Bu meyanda Sayın AHMET ÖZER hocamız yılların edebiyat dergisi KIYI’ nın Ağustos sayısında, 28 AĞUSTOS 1984 de vefat eden ŞÜKRÜ GÜMÜŞ’ e özel yer vermesi takdire şayan önemli bir harekettir. Bu kadir bilirliği için sayın hocamıza teşekkür ediyorum. Şükrü Gümüş hakkında Üniversitemizin ve Belediyemizin de bir şeyler yapmasını umuyoruz. MAHMUT TUNABOYLU öykü Yarışması gibi ŞÜKRÜ GÜMÜŞ ROMAN YARIŞMASI olamaz mı? Eğer Şükrü Gümüş’ten daha dikkate değer bir romancımız varsa buyurun onun ismi ile yapalım. Mesele illa Şükrü Gümüş değildir. Benim istediğim, Çorum’da EDEBÎ HAYAT ve ÇORUM ROMANCILIĞIDIR. Yaşatılması ve yeşertilmesi gereken budur.
*
Rahmetli ŞÜKRÜ GÜMÜŞ’Ü ben hiç görmedim. Çorum’a 2000 yılında nakli mekân ettiğimde sanat dostları toplantılarında Muzaffer GÜNDOĞAR hocamızın vasıtası ile tanıdım. Şükrü GÜMÜŞ öğretmenlik yaptığı HAKKÂRİ’NİN BİR KÖYÜNDE yaşadıklarını, “ZAP BOYLARI” adı ile romanlaştırıp 1974 yılında MİLLİYET’in roman yarışmasına katılır. 312 eserin katıldığı yarışmada derece alır. Kitabı, 1976 da Milliyet yayınları arasında yayınlanır.
* * *
Allah ömür verseydi hiç şüphe yok ki Şükrü Gümüş, ünü Türkiye’ye yayılmış ve edebiyatımıza girmiş romancımız ve hikâyecimiz olurdu. Bunu, Şükrü Gümüş Çorumlu diye özel dostluğum olduğu için söylemiyorum. O bunu hak ediyor. Veya o bunu hak edecek derecede usta bir kalem idi diye düşünerek söylüyorum. Maalesef Şükrü Gümüş’ün ömrü edebiyat dünyamıza sadece Zap Boyları’nı kazandırmaya yetmiştir.
* * *
1984 yılında arkadaşları Muzaffer GÜNDOĞAR, Ahmet ÖZER, Burhan GÜNEL ve Mehmet Yaşar BİLEN ön ayak olarak Kerem Yayınlarından “ZAP BOYLARIN “ nın 2. baskısını yapmışlardır. Maksatları hem arkadaşlarını anmak, hem ailesine üç beş kuruş kazanç sağlamaktır.

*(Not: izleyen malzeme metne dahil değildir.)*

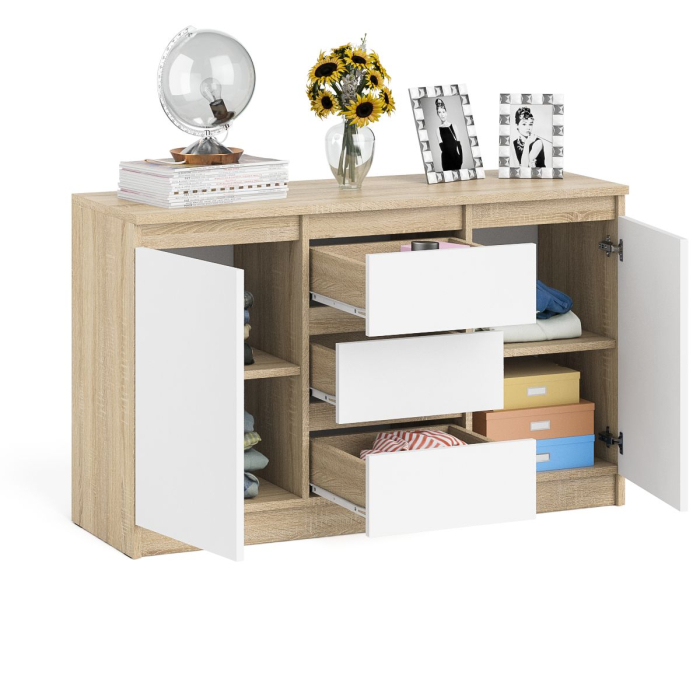 Комоды, Комод-тумба три ящика и две дверки Мори МК1200.3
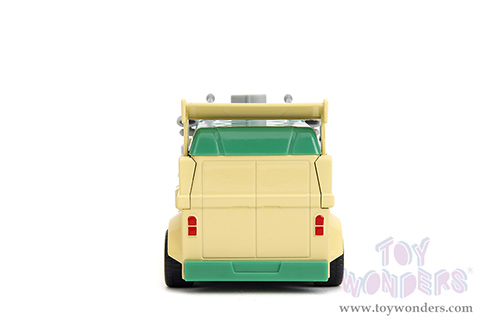 Jada Toys - Hollywood Rides | Party Wagon "Teenage Mutant Ninja Turtles" (1/32, diecast model car, Green/Beige) 34723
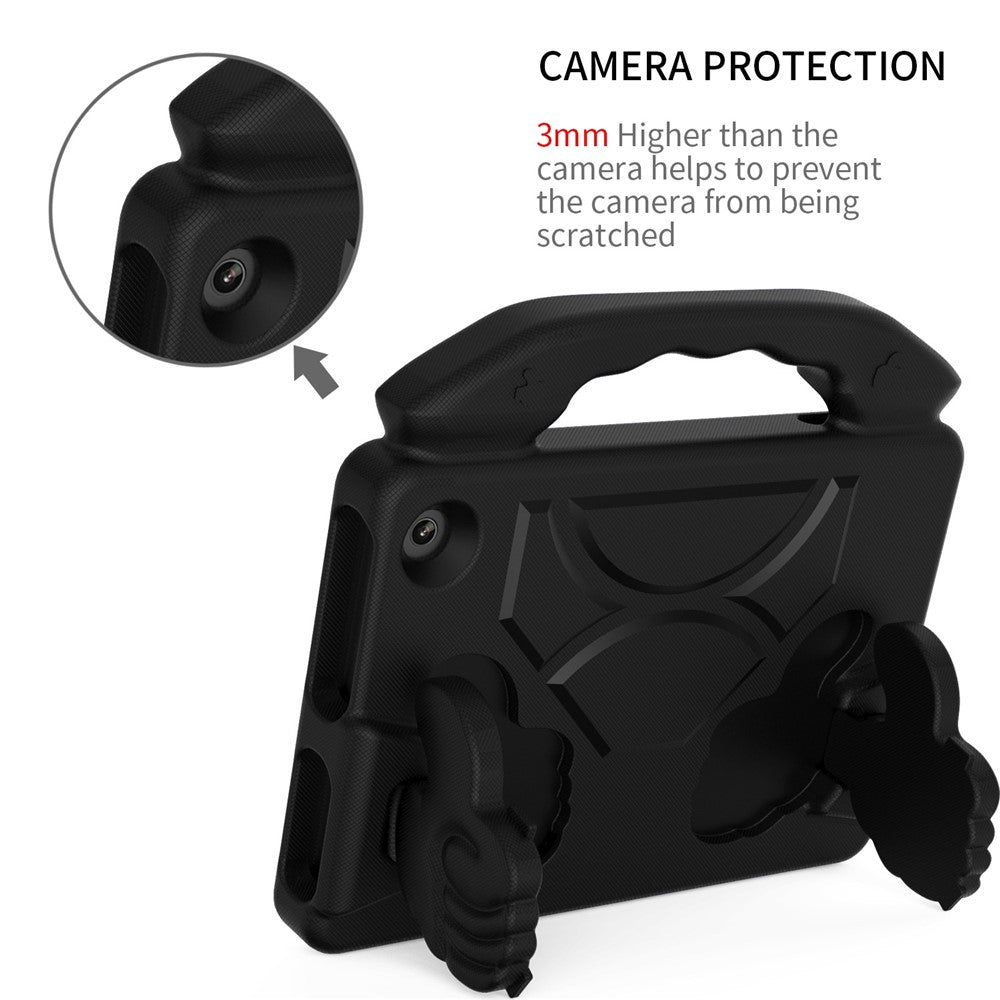 For Amazon Fire 7 (2022) Foldable Thumb Kickstand EVA Tablet Case Drop-proof Cover with Handle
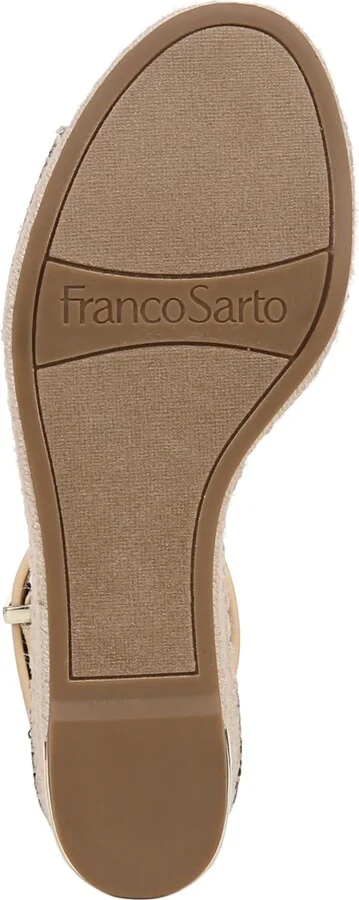 Franco Sarto Women's Clemens Espadrille Wedge Sandals - Tan/Black Fabric - Image 5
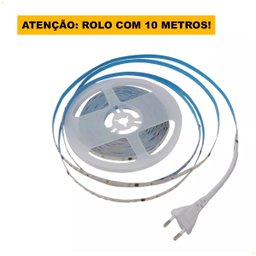 Fita de Led 10 Metros 120 Leds 220v Branco Quente 3000k Direto na Rede - 2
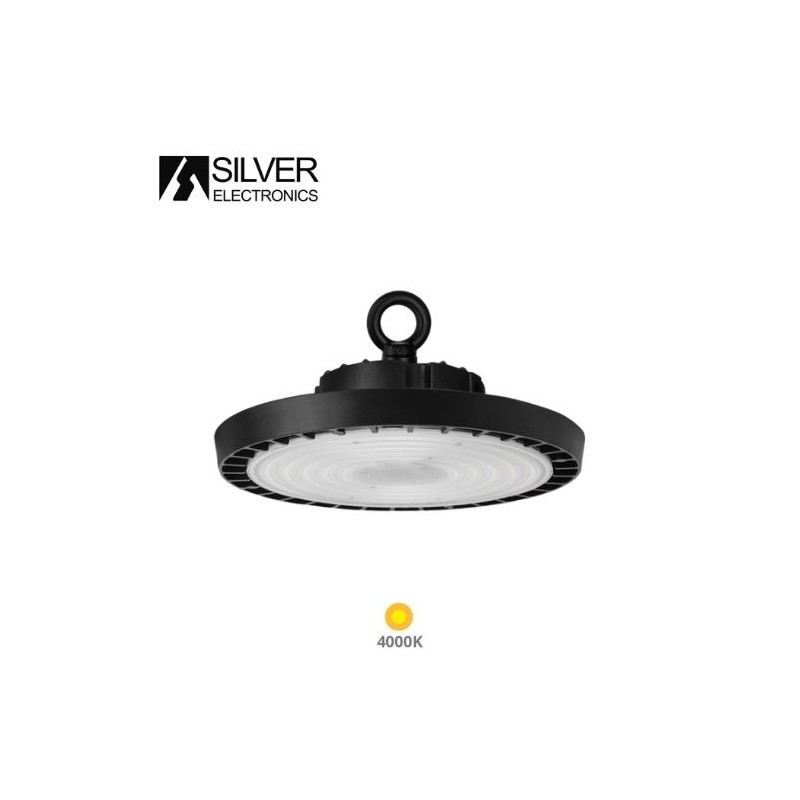 Campana Industrial 150W 4000K 27000Lm Negro PUNCH 4 PRO+ 5G IP65 SILVER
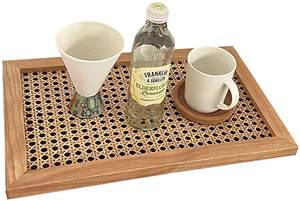 Plateau alimentaire tissé en rotin forme rectangulaire grande taille rotin ustensiles de cuisine plateau à Dessert cadeau de mariage plateau alimentaire - Product Image 5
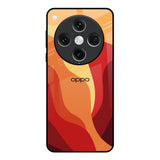 Magma Color Pattern Oppo Find x8 Pro Glass Back Cover Online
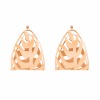 Boucles d'Oreille Ginette NY Palms Hoops Or Rose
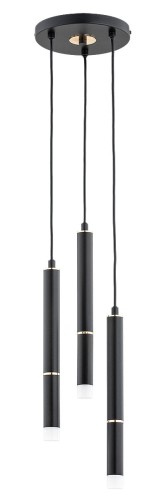 Derso lampa wisząca 3xG9 czarna 62399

Yazar, hem genç, hem ilk eseri olmasına rağmen romanında o kadar güzel bir uslûp ile yazmıştır ki; baba Şero ile anne Zeyno’nun saf ve temiz karı koca didişmesinin içinde buluyorsunuz kendinizi. Kar altında Cemo oğlan ile üşüyorsunuz. Zino kızla odun topluyorsunuz. Gelitan köyü tepelerinde keçilerle karda yuvarlanıyor; Zap’ta deli deli akan buz gibi su oluyorsunuz.
Yörenin ağzı ile yöreyi anlatışı harika. Sade ve açık bir dil. Size doğu insanının hayatından bir gerçek kesit sunuyor.
Yazar 1948 doğumlu. Benden bir yaş büyük. O dönemin kuşağı, yani bizim neslin ideali, hayata atılınca mutlaka doğuda bir yerlerde hizmet yapmak idi.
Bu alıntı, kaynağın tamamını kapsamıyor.